# Help for Pets of Deployed Military



## JeanKBBMMMAAN

Please post any foster agencies available for those service members who have been deployed-either if your group takes them as a matter of policy, or if you know of any reputable groups who do. 

Thanks!


----------



## shilohsmom

Heres one!!! 
http://www.guardianangelsforsoldierspet.org


----------



## shilohsmom

old link. removed. -mod


----------



## AbbyK9

old links. removed. -mod


----------



## Guest

Here's another one:

old link. removed. -mod

Although Odin went to my best friend when I was deployed and Hop Sing went to my sister, I do know of many fine stories from troops in my unit who had their pets fostered through both Guardian Angels for Soldier's Pets and Operation Noble Foster. 

My own state is starting up their own fostering service in readiness for our deployment next year to Afghanistan. This way pets can stay within the state and soldiers can more easily get their pets to the foster provider.

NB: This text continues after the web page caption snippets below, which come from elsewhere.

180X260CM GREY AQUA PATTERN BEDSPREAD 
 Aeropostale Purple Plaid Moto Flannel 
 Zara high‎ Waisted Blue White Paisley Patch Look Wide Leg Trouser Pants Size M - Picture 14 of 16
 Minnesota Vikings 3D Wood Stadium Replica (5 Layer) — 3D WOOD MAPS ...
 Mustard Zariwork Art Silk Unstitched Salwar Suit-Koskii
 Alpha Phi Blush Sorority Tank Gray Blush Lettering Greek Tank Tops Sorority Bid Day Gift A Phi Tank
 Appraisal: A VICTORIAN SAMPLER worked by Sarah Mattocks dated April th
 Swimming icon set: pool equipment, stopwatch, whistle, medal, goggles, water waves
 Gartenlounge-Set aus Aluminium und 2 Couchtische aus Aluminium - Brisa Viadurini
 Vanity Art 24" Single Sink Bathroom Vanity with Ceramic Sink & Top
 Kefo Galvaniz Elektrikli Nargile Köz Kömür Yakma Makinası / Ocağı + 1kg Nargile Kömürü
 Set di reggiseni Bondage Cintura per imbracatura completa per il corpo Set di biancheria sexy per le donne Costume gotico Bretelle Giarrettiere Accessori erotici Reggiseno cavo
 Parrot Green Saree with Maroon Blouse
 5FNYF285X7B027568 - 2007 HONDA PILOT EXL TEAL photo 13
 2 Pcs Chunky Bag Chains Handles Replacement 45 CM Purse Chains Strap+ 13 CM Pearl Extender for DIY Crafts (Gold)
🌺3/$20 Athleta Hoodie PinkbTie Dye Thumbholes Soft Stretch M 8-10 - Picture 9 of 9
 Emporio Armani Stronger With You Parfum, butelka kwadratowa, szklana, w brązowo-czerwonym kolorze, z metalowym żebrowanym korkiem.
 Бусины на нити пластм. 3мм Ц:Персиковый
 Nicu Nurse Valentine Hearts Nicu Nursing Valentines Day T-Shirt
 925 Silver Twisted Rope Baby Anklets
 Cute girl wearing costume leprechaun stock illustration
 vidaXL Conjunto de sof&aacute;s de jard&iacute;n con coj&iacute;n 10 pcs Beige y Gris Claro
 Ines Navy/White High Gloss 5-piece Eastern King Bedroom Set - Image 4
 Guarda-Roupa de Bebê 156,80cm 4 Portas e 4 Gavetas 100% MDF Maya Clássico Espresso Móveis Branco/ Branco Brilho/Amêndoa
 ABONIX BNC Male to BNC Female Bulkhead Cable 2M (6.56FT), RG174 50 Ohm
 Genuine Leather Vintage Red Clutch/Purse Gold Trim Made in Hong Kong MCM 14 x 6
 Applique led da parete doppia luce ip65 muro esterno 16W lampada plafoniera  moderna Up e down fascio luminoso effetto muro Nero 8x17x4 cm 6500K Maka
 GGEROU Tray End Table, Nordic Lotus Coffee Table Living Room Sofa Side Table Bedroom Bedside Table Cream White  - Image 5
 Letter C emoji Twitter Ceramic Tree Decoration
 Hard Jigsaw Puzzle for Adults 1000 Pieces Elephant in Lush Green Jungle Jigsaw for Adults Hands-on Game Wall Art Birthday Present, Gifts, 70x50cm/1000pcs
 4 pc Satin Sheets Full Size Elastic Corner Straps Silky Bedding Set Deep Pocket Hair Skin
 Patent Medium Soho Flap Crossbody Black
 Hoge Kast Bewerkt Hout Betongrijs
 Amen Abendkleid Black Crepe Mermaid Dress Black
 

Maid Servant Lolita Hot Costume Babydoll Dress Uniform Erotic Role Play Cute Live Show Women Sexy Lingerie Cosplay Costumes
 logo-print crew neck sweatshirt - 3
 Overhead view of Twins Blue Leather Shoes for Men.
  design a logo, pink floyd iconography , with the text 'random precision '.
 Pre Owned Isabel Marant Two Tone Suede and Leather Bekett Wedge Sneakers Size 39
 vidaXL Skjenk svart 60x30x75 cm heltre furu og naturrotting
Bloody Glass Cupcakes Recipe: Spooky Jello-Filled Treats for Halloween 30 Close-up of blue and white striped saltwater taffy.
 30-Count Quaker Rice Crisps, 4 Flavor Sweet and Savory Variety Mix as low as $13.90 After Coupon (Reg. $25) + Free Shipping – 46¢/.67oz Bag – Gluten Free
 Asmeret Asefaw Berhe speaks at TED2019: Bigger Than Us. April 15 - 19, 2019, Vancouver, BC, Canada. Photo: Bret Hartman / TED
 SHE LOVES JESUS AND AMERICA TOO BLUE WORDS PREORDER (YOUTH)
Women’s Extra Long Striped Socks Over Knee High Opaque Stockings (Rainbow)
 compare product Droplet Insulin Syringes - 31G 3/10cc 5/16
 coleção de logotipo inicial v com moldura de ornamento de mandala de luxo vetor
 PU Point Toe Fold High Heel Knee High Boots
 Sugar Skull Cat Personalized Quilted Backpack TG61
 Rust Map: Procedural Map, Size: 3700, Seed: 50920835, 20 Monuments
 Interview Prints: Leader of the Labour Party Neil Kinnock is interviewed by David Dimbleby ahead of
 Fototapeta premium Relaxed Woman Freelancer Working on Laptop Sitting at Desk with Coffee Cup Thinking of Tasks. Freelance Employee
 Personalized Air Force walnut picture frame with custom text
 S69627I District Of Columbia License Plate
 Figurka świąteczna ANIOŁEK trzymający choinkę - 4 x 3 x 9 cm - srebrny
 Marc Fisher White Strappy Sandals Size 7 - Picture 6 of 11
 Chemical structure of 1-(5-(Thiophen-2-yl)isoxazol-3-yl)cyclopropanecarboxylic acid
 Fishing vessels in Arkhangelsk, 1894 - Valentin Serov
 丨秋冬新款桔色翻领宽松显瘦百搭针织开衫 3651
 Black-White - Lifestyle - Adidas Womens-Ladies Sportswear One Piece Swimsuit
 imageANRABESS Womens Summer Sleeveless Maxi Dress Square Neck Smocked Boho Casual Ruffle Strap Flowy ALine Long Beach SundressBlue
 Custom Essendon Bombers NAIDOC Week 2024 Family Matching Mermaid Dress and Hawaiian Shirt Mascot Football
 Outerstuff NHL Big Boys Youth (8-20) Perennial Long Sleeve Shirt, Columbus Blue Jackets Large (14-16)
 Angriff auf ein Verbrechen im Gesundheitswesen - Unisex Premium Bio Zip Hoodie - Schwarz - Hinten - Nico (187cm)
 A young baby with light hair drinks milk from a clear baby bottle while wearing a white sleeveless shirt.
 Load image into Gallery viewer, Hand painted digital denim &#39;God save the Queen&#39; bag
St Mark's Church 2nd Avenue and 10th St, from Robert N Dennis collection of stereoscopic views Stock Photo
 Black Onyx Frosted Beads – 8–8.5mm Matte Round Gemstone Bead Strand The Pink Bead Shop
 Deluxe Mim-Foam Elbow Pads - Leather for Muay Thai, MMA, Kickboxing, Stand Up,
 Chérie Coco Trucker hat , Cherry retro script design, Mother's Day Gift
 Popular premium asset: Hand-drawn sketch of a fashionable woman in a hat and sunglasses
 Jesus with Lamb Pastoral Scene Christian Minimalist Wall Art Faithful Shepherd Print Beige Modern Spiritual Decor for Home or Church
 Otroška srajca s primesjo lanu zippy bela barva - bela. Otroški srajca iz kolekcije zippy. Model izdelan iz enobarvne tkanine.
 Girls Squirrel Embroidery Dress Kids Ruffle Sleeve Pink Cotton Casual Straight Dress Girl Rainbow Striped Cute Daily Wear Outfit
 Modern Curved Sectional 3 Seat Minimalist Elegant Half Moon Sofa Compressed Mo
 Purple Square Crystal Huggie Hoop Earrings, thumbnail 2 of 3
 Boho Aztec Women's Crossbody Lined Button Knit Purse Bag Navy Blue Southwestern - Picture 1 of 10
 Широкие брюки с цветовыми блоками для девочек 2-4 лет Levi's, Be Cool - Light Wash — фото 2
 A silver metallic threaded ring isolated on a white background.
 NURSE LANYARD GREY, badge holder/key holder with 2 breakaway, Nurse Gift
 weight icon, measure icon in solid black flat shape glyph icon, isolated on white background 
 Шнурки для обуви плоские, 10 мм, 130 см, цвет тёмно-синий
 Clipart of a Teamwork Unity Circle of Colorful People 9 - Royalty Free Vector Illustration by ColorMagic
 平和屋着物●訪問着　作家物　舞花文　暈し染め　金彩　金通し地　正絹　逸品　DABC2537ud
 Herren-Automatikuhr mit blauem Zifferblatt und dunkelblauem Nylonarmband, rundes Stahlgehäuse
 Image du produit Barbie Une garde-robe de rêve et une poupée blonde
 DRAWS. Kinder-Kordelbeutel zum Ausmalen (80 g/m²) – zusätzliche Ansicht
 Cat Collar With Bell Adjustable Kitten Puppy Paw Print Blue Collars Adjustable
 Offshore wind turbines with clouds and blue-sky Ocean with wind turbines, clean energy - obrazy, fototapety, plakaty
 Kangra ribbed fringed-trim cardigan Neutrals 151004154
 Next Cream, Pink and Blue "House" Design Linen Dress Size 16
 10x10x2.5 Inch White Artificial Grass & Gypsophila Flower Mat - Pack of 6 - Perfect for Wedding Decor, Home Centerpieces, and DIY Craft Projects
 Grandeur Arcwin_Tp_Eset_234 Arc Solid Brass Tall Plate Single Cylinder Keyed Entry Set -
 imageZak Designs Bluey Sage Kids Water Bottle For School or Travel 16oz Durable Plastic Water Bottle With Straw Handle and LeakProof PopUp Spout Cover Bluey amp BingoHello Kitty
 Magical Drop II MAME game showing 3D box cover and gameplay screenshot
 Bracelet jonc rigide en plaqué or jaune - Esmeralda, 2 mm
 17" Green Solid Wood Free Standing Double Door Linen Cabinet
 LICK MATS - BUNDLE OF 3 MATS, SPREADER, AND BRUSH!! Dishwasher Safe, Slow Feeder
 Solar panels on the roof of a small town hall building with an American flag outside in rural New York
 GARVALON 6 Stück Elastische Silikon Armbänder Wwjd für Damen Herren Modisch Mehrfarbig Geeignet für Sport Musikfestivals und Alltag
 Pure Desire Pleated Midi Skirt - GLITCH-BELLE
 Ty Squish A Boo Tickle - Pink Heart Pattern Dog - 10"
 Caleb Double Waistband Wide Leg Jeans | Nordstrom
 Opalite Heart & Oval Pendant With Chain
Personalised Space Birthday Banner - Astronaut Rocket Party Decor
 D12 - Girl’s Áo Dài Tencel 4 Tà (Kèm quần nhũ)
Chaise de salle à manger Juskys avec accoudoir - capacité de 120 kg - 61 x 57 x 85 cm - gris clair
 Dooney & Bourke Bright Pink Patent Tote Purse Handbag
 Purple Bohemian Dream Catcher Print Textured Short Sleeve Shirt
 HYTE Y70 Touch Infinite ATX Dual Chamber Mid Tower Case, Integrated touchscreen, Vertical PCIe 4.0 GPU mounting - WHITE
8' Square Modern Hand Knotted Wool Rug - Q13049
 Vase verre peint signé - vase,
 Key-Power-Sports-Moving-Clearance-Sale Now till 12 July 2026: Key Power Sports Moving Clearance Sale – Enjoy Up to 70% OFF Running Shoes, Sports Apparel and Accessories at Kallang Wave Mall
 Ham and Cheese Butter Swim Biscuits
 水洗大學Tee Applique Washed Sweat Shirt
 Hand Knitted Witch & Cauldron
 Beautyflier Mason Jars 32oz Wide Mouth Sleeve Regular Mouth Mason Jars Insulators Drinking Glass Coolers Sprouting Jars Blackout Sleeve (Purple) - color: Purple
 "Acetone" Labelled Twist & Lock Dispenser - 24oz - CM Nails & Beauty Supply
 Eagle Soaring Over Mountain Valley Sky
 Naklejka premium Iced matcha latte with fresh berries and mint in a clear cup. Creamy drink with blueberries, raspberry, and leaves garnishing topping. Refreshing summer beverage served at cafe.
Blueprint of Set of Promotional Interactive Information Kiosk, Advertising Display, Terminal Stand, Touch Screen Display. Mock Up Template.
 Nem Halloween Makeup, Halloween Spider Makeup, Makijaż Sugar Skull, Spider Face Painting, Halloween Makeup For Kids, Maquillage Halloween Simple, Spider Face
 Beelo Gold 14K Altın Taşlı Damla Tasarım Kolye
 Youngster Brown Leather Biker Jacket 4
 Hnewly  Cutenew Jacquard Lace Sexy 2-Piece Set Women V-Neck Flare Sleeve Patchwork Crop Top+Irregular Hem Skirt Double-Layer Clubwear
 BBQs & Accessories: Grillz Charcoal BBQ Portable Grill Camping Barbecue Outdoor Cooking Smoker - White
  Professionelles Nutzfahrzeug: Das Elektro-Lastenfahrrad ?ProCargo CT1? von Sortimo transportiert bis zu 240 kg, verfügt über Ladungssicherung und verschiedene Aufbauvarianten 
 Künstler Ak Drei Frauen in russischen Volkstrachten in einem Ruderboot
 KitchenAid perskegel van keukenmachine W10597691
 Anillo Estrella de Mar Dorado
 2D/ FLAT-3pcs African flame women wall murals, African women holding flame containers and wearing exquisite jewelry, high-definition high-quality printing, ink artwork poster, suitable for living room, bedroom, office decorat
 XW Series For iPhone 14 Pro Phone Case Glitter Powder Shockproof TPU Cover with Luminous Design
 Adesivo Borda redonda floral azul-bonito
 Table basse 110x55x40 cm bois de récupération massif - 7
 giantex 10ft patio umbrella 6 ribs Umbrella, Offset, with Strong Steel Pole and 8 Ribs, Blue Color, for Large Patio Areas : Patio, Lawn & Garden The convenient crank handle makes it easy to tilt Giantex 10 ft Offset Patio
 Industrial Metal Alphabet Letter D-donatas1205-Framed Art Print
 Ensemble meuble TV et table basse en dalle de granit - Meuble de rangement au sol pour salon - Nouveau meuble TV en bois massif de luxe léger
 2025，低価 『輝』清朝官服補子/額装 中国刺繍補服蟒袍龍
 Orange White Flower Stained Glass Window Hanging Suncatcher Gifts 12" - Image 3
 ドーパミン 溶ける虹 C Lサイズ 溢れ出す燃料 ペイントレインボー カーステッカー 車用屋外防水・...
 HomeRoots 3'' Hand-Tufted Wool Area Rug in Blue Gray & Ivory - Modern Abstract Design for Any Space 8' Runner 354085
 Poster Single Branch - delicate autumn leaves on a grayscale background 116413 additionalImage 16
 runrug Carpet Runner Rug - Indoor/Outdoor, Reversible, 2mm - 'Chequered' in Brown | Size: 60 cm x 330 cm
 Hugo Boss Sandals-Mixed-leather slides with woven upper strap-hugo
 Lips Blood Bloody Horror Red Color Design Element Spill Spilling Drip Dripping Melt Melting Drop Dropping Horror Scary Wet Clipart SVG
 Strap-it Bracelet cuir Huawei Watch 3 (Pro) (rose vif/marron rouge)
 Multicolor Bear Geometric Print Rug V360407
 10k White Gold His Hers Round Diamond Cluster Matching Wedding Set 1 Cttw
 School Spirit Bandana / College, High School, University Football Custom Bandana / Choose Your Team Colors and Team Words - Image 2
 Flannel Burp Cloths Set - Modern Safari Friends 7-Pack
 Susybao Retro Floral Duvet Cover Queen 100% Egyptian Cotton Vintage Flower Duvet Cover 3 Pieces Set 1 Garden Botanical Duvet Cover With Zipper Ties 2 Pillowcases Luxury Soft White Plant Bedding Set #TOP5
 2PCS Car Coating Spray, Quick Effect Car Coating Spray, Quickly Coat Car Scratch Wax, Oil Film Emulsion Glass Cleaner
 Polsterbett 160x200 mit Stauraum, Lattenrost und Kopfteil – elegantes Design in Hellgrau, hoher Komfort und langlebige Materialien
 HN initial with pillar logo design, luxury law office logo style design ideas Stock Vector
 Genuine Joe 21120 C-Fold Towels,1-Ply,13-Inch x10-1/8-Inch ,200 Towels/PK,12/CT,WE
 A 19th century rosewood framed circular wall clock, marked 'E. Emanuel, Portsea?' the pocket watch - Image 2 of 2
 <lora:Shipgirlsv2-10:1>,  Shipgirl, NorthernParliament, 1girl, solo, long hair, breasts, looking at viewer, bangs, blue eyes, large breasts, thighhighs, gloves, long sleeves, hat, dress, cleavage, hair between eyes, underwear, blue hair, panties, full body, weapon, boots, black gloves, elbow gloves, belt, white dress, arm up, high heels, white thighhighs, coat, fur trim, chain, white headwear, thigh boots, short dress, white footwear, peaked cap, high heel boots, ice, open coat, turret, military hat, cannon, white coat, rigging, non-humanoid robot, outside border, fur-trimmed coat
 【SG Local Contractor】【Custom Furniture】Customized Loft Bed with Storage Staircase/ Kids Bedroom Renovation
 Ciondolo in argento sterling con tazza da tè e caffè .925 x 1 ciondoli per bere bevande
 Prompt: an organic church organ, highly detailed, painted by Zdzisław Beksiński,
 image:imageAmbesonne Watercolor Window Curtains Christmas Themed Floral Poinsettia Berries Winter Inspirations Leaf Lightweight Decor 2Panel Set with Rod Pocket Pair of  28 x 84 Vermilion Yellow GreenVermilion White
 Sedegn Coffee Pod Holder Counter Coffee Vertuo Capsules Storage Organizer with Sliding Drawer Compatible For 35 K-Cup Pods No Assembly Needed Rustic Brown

Thanks, Jean, for providing a spot for this information to become a sticky.


----------



## pupresq

Anyone know if these groups will take and place dogs surrendered to shelters by military personnel?


----------



## dd

My experience with these is that they are all full to bursting and closed to intake.


----------



## Guest

> Originally Posted By: pupresqAnyone know if these groups will take and place dogs surrendered to shelters by military personnel?


I have no experience with that. That would be a rescue and that's not what the ones I've had soldiers in my unit deal with them about. They only do fostering so far as I know. I have had several soldiers in my unit use a couple of these groups to great effect. This still goes on. We just had about a hundred troops from my state return from Afghanistan last fall and some had used Guardian Angels and got their pets back. They weren't in my unit, but I attended their homecoming.


----------



## daniella5574

*Fostering available for deployed military*

I am a member of Soldiers Angels, (we adopt out/send care packages ect to deployed military and have veterans projects). I came accross this today while working on the site, it is a program that has members who are willing to foster pets for service members who get deployed, and then the pets are reunited with their families when they return. I thought this was a great program and worth posting so people know they have options, and something we can use to refer people to should they need this service. The link is http://www.guardianangelsforsoldierspet.org/


----------



## daniella5574

*Re: Fostering available for deployed military*

Oops I see that someone has already posted the link, sorry for the duplicate.


----------



## Pepper311

Anyone that can help should. We took in meatball for a friend that was going into the marines. We ended keeping him but the friend still sees him and we are still friends. We said he can have meatball back but he lives in an apartment. 

Please help our soldiers dogs. They do so much for us .


----------